Recent Roundtable Discussion Highlights Hepatitis Delta Virus

April 21st and 22nd, 2022 marked the occurrence of a roundtable meeting solely focused on hepatitis delta virus (HDV), which was jointly hosted by the American Liver Foundation and the Hepatitis B Foundation. This was one in a series of events taking place this year to raise the profile of hepatitis delta, a serious coinfection of hepatitis B virus (HBV) that is estimated to affect between 5 and 10% of people who are living with HBV. HDV is more severe than HBV alone, with a 70% chance of developing into cirrhosis or liver cancer if unmanaged, compared to an approximately 25% chance for those living with HBV alone. With approval of the first official treatment for hepatitis delta in Europe in July of 2020, expected approval in the United States later in 2022, and other treatments moving through the clinical trial pipeline, more is happening in the world of hepatitis delta than ever before. Despite the promising treatment landscape, the virus still remains significantly under-diagnosed (making estimation of true prevalence difficult), largely due to lack of awareness, low prioritization compared to other health conditions, and limited advocacy, and big questions persist about treatment equity, including access to knowledgeable providers, clinical trials, and available medications. The purpose of this roundtable was to begin a conversation among a diverse group of stakeholders about some of these issues, to bring attention to HDV and its potential consequences, to identify unmet needs in this area, and to prepare calls to action and next steps to address these needs.
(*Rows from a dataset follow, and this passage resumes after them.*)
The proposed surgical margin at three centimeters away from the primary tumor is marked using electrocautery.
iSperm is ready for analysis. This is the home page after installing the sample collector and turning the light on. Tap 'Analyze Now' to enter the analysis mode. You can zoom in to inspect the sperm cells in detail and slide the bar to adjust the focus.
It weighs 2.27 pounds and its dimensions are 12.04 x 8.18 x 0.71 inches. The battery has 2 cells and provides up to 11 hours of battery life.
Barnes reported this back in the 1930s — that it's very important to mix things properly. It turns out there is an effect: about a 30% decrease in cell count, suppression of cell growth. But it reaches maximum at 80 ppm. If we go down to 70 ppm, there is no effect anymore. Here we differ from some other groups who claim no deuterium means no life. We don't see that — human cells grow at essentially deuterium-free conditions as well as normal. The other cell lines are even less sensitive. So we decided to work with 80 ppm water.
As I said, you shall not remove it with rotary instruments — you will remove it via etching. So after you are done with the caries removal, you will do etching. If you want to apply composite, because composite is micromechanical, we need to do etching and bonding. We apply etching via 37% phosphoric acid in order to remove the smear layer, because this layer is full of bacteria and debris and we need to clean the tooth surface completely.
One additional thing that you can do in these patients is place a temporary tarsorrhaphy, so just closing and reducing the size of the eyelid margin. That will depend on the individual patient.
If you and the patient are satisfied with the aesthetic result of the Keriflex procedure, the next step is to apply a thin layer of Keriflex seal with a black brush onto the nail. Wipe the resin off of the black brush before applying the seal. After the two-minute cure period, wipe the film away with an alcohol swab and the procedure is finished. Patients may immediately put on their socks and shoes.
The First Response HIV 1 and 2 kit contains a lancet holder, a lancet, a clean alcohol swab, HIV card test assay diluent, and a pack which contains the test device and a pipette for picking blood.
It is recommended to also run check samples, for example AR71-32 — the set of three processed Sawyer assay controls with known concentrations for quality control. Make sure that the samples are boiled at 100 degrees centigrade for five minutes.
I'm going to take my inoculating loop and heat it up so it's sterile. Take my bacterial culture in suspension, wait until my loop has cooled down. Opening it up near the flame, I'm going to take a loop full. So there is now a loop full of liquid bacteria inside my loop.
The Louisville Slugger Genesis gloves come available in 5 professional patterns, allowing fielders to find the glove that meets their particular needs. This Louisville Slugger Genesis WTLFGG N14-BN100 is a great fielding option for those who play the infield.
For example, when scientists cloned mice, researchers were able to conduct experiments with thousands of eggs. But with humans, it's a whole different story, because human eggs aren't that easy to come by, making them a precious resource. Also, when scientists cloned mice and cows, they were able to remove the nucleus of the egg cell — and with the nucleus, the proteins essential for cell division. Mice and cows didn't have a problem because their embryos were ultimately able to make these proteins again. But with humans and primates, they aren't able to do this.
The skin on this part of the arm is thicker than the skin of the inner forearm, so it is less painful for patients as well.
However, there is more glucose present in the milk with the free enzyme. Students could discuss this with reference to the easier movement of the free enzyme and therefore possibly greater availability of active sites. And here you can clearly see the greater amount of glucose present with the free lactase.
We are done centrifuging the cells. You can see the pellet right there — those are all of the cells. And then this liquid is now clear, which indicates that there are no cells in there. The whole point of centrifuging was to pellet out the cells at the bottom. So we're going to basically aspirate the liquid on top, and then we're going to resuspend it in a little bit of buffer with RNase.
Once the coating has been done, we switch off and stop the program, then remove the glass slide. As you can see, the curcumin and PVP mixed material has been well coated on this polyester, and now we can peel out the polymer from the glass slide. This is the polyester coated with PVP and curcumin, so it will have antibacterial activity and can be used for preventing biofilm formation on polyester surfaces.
Participants at the roundtable included individuals living with hepatitis delta, caregivers, healthcare providers, public health professionals, and representatives from community-based organizations. The conversation was very generative and really underscored some of the key issues that exist around hepatitis delta, including gaps in awareness and knowledge among medical and high-risk communities and limited access to and availability of HDV screening and care. These factors lead to under-diagnosis and under-surveillance, making the production of accurate data difficult, which in turn complicates advocacy efforts, since compelling data is often a key ingredient for policy change that might make screening, treatment, and linkage to care more available and accessible.

The ultimate planned outcome of this virtual event will be production of a white paper that will highlight key takeaways from the discussion, clearly outline unmet needs and priority issues for people living with HDV, and detail calls to action for stakeholders at every level to meet these needs and overcome some of the significant barriers and challenges that persist in diagnosing, managing, and treating HDV.

Another goal of the meeting was to begin to develop resources that can better support and engage the larger community around HDV awareness and advocacy – a first step toward this goal will be creation and dissemination of a visually appealing infographic, which will provide at-a-glance information about HDV and its estimated prevalence, transmission, prevention, testing, and treatment.

The white paper and infographic are expected to be complete by early summer 2022. The organizers of this roundtable meeting are hopeful that its outcomes will bring hepatitis delta virus more into focus for various stakeholder communities and generate more engagement and energy around this dangerous virus that has long been neglected and is not receiving the attention it deserves.